Not that Sampras was making a meal of the issue. Not yet, anyway. He is here, as he rightly pointed out, to play tennis - and tennis is tennis whatever the state of the balls or the court.

But what about the state of the players? This, of course, is an altogether different matter and far more interesting than either the amount of air in a little ball or the relative speed of any particular playing surface.

The restoration of Jennifer Capriati had seemed to be gathering momentum last weekend when she reached the final in Sydney before going down to Hingis, but yesterday she lost 6-2, 3-6, 6-4 against her fellow American Jolene Watanabe.

Capriati, now 20, has suffered much. Her rise to fame and fortune was meteoric and her fall pitiful. Clearly shocked by her demise the women's Tour changed the ground rules concerning those under-16, strictly limiting their appearances.

Hingis, aged 16, slipped under that particular safety net last year but is obviously an altogether different personality to the American.

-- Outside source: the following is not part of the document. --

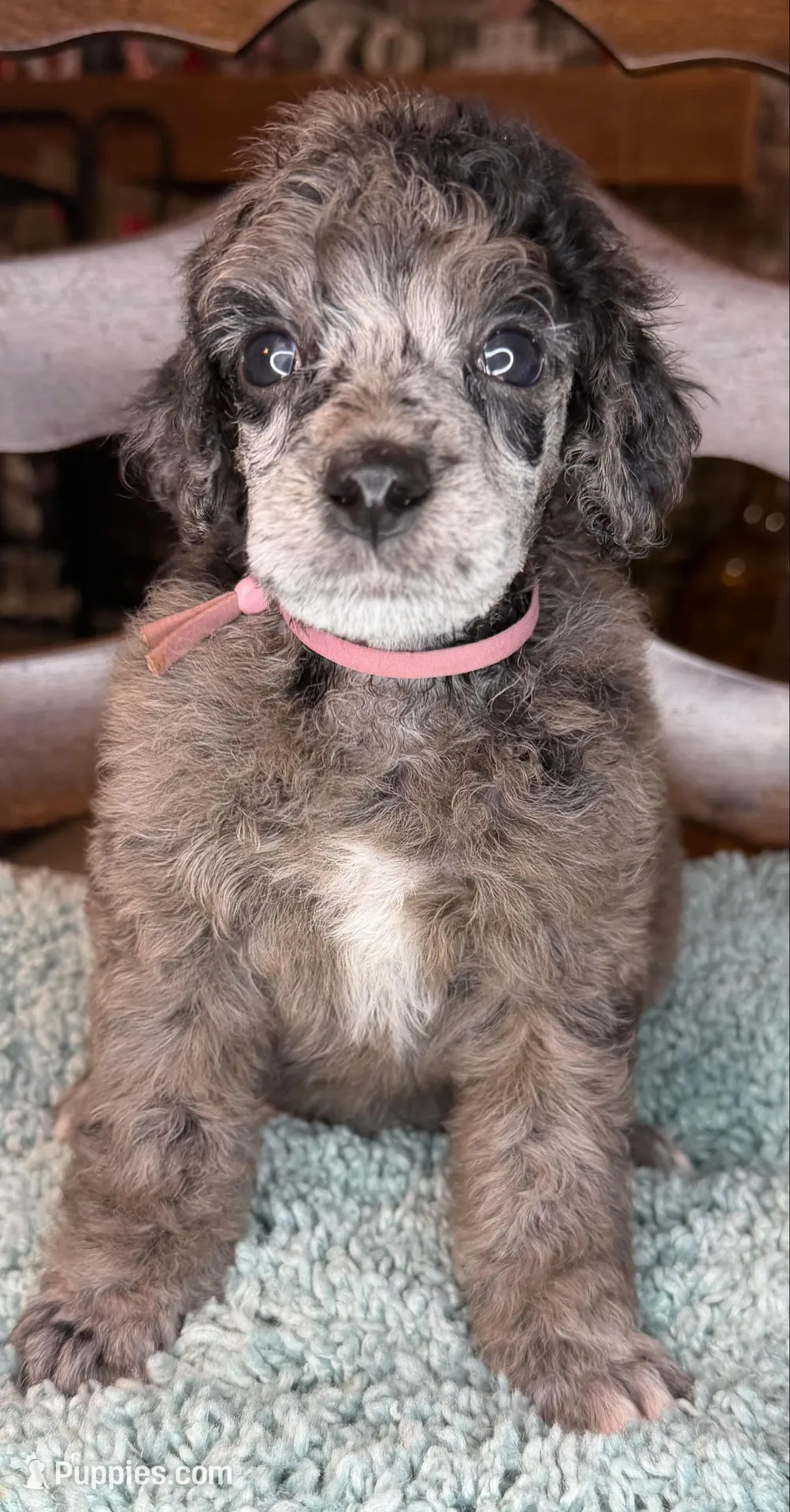 Squash – Poodle - Standard  puppy for sale in Zebulon, NC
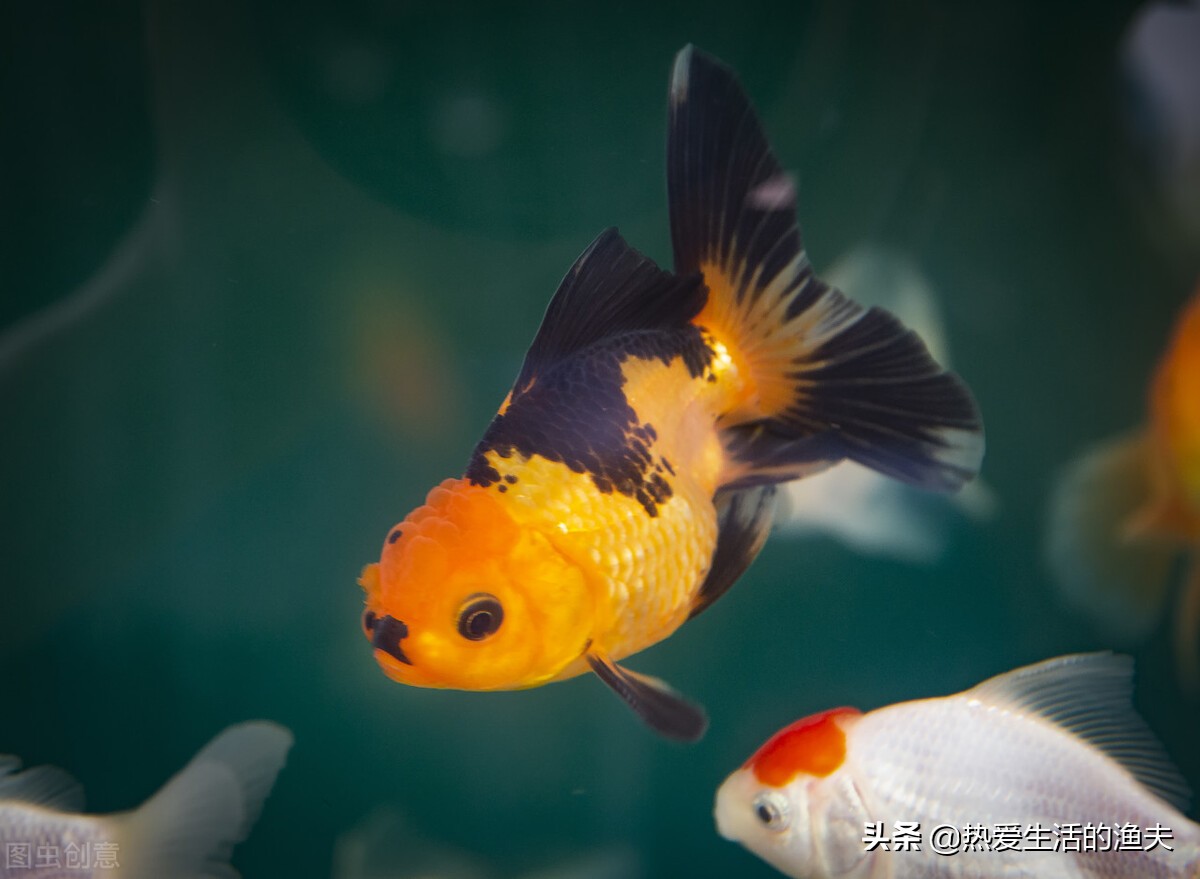 金鱼身上出现黑斑怎么治疗（金鱼身上发黑能恢复吗）(图1)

Capriati, with three Grand Slam semi-finals and six quarter-finals behind her, and over a $1 million in prize money, has hauled her way back to number 24 in the world rankings yet the mental anguish she still suffers was all too sadly apparent yesterday when she rushed out of a post-match conference in tears.

This was not because her interrogators had been either insensitive or overtly critical. Indeed the final questioner merely wondered if she could feel the public's warmth towards her. It was, alas, too much for Capriati's emotionally fragile state.

Hingis, who defeated Germany's Barbara Rittner, was sympathetic. "Jolene is always hard to play but Jennifer played, very well in the final against me.

The Swiss teenager, now ranked number four, is (in complete contrast to Capriati) currently waltzing through life with an altogether engaging uncomplicated openness. She smiles a lot, and she gets mad.

There are those who tut-tut at her on court tantrums, and the Melbourne crowd on centre court whistled disapprovingly when, frustrated by her own inabilities, she hurled her racket into the net, for which she was duly officially warned.

"I can smile, I can throw my racket - that's just my personality. Sometimes you cannot change that," Hingis said, while adding that it had, been, her aim "not to get a warning this year".

Unlike Steffi Graf, or Monica Seles in her pomp, Hingis is not the sort of power player who scares off opponents. "She doesn't kick you off court," said Rittner who, nevertheless, lost the first set 6-1. But then Hingis lost concentration, fretted, and went 4-1 down in the second set before eventually taking it 7-5.

Graf, who won her first round match on Monday, remains the favourite to win a fifth Australian title but if Hingis reaches the final, which she should, it may be extremely close. There is a maturity about Hingis now that was patently missing less than six months ago.

"I don't think players go out there and think they don't have a chance against her," said Rittner. "Well, not yet." The way things are going they soon will. Hingis is a gem.